— Information —
[Start of section]

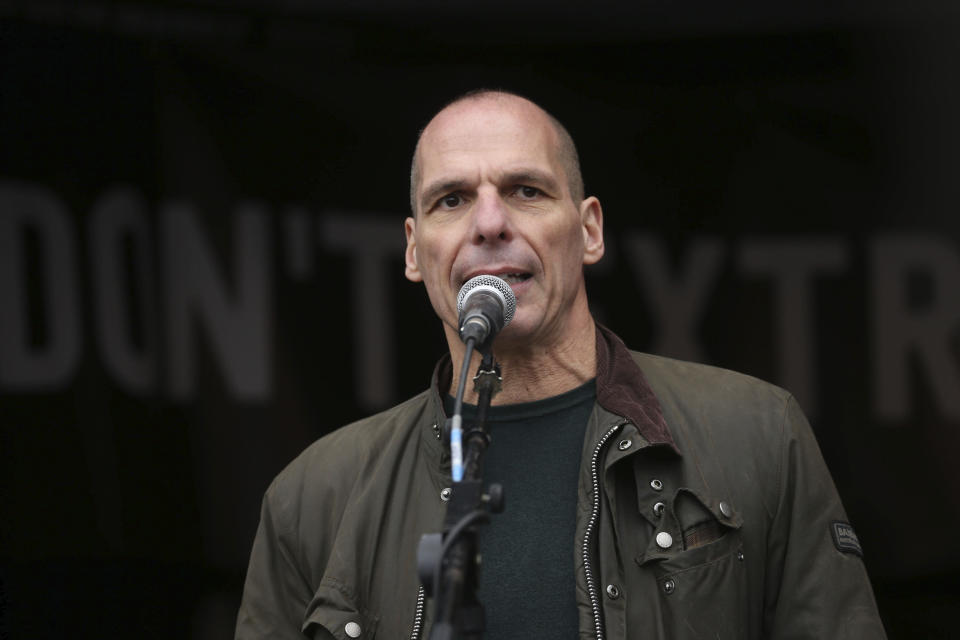 Former Greek economist politician Yanis Varoufakis speaks to crowds gathered at Parliament Square in London, protesting against the imprisonment and extradition of Wikileaks founder Julian Assange extradition, Saturday Feb. 22, 2020. (Isabel Infantes/PA via AP)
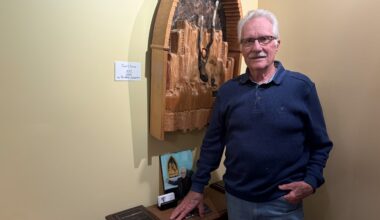 Man standing in his home studio with one of his sculptures in the background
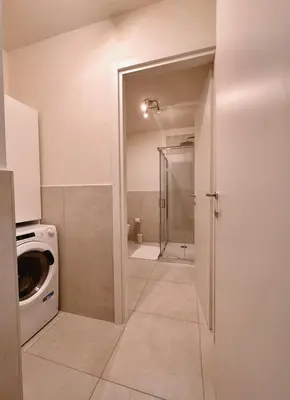 a bathroom with a shower and a washing machine at Caesar's Suite Trastevere in Rome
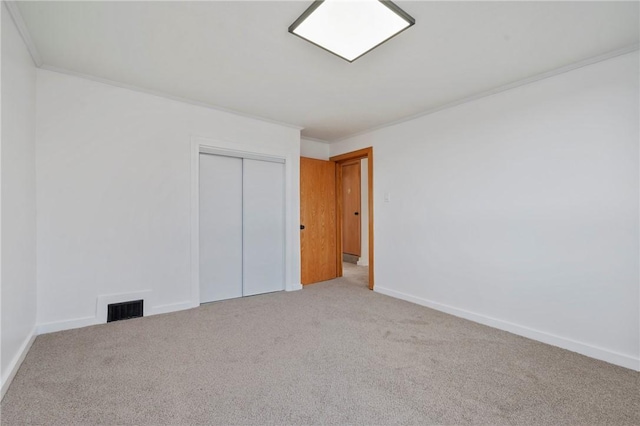 220 Dewey St, Edgewood, PA 15218 - unfurnished bedroom with carpet, a closet, and baseboards
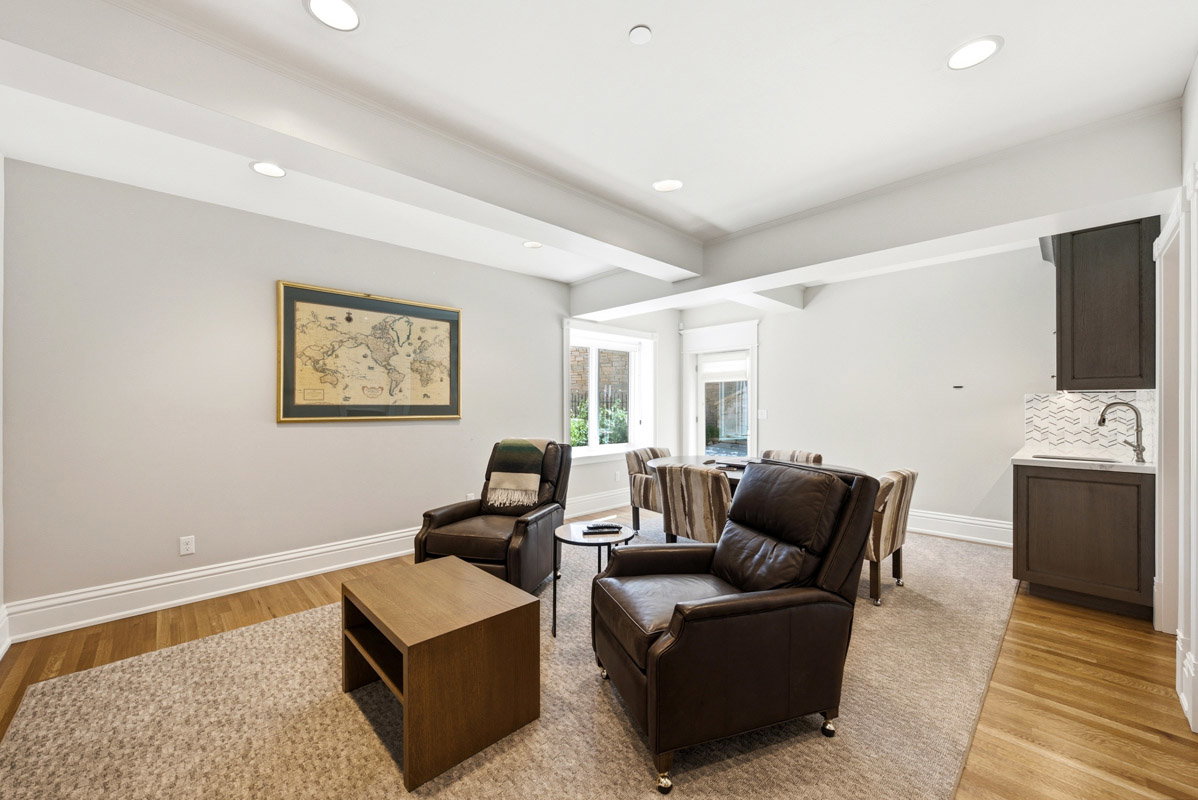Finished basement space featuring recessed lighting, a built-in wet bar with white countertop and wave-patterned tile backsplash, multiple windows, and a combination of carpet and wood-finish flooring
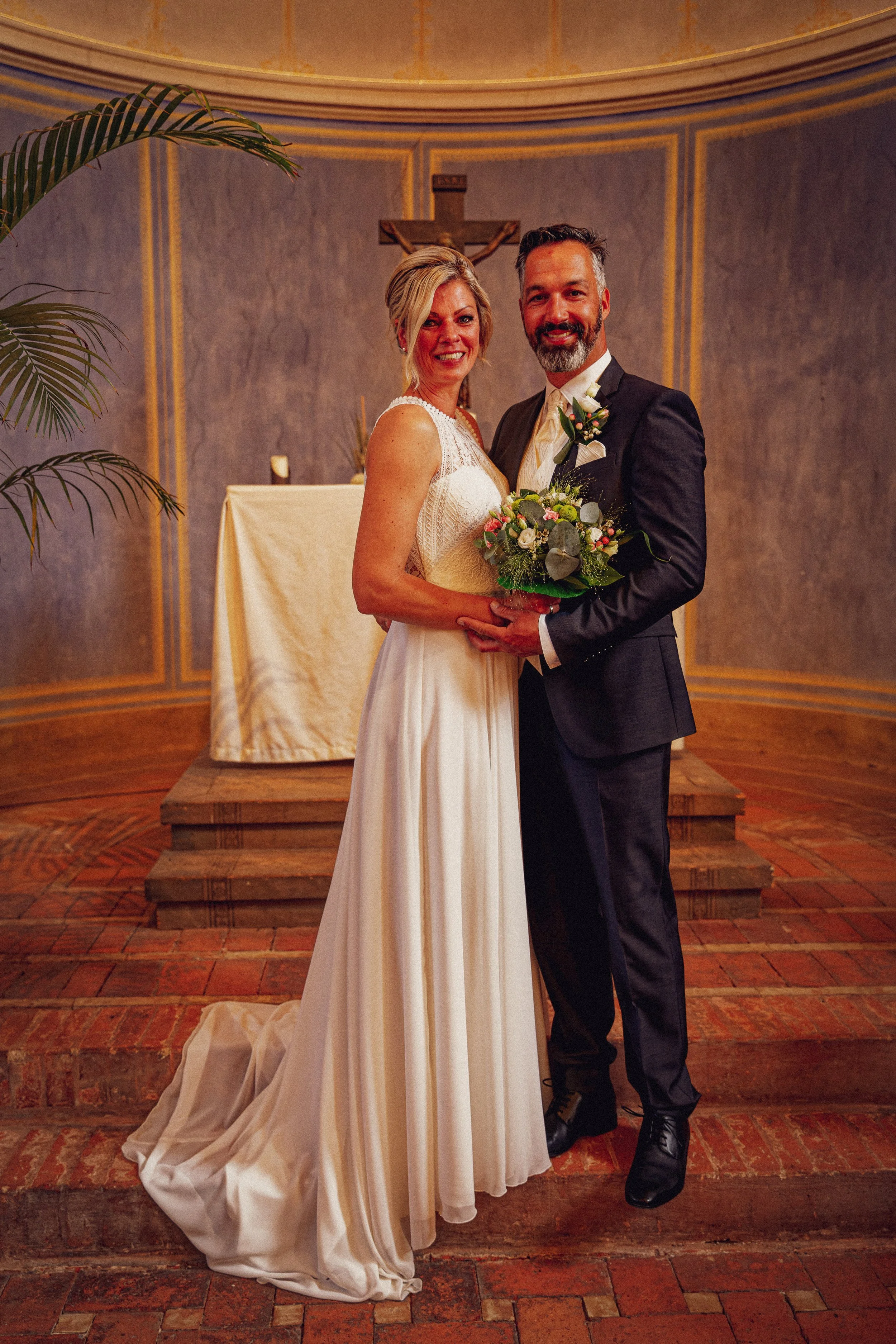 Braut und Bräutigam stehen sich in einer Kirche, die Braut trägt ein langes weißes Kleid, der Bräutigam ein schwarzes Sakko, beide halten einen Blumenstrauß, im Hintergrund ein Kreuz und eine Altar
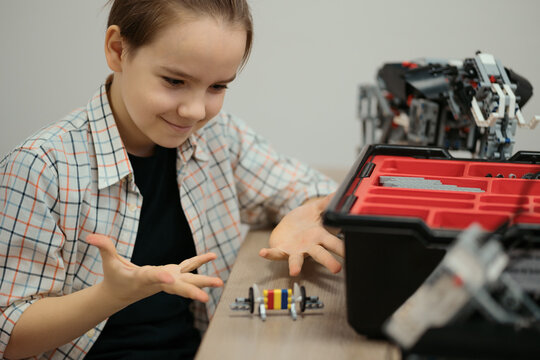 Boy Works on a Fully Functional Programable Robot for His School Robotics Club Project.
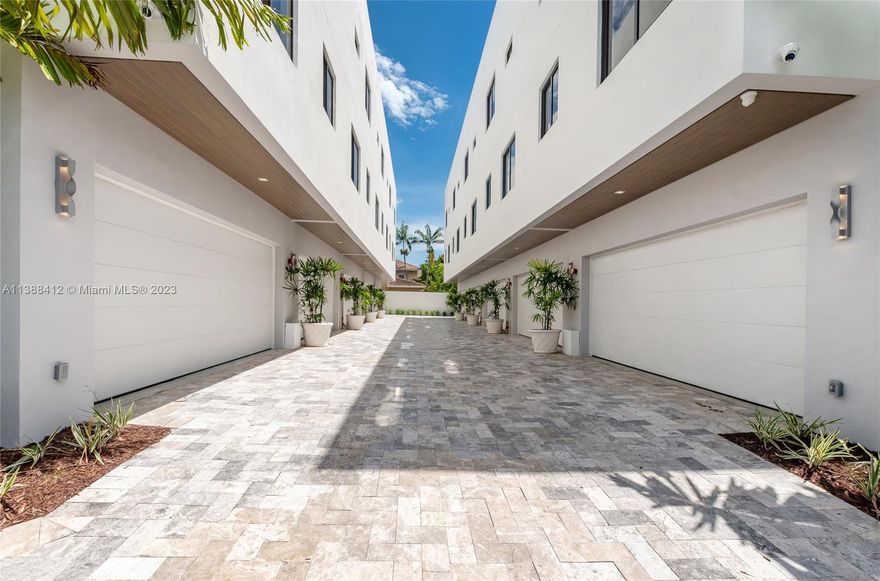 These 3/3 Townhomes offer state-of-the-art features like European cabinets and doors, Bosch appliances, washer/dryer, electric shades, 2-car garage with Tesla charger, high-speed internet, 12 outdoor surveillance cameras, app-accessible alarm, rooftop terrace with summer kitchen. Centrally located, only 1 minute away from US1, providing easy access to major roads. It is also conveniently located within a short drive to various popular destinations. Merrick Park Mall and CocoWalk are just 5 minutes away, while Miracle Mile and Brickell can be reached within a 10-minute drive.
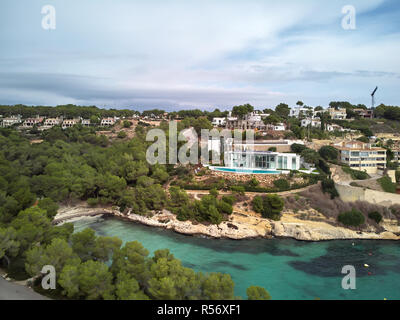 Ricche ville sulla Cala del Mago litorale con verde chiaro trasparente di acqua di mare, le nuvole. Mallorca o Maiorca, isole Baleari, Spagna Foto Stock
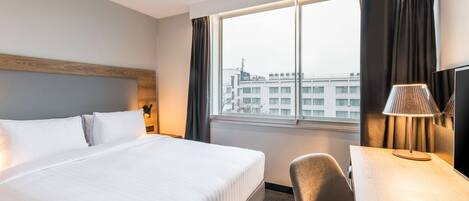 A hotel room with a large bed, a desk, a chair, a lamp, and a view of the city through the window.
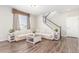 Bright living room features hardwood floors, a plush sofa and staircase leading to the upper level at 22921 E Union Ave, Aurora, CO 80015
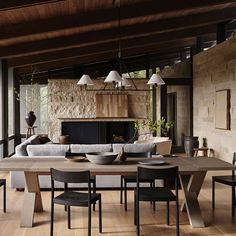 a dining room table and chairs in front of a stone wall with an open fireplace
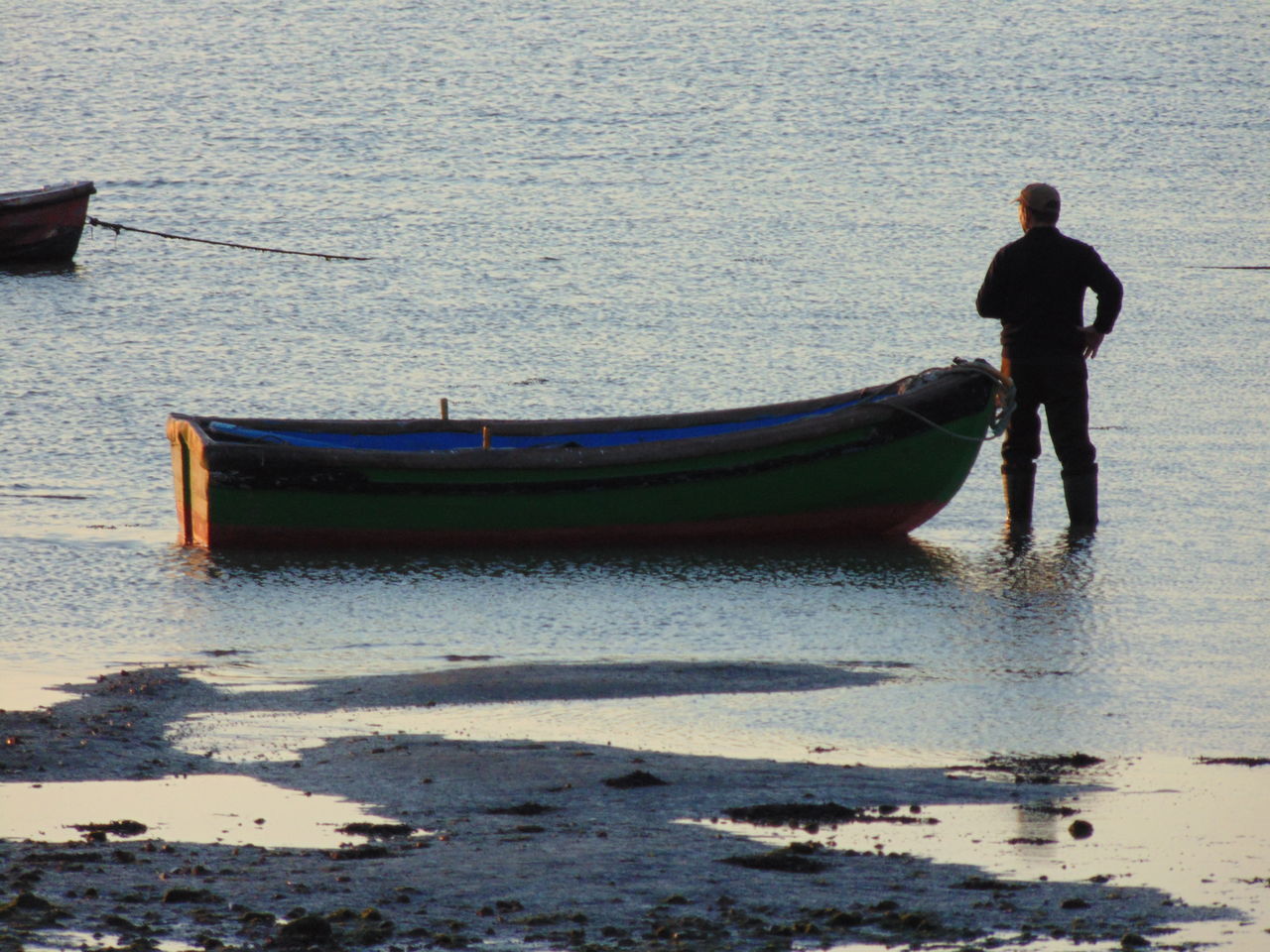 REAR VIEW OF MAN STANDING AT BEACH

[End of section]

Before duplicating, set the pictures aside; then output exactly the lines from the one with "Bright living room" through the end of the records, and only those.

— Response —
 Bright living room features hardwood floors, a plush sofa and staircase leading to the upper level at 22921 E Union Ave, Aurora, CO 80015
 a dining room table and chairs in front of a stone wall with an open fireplace
 REAR VIEW OF MAN STANDING AT BEACH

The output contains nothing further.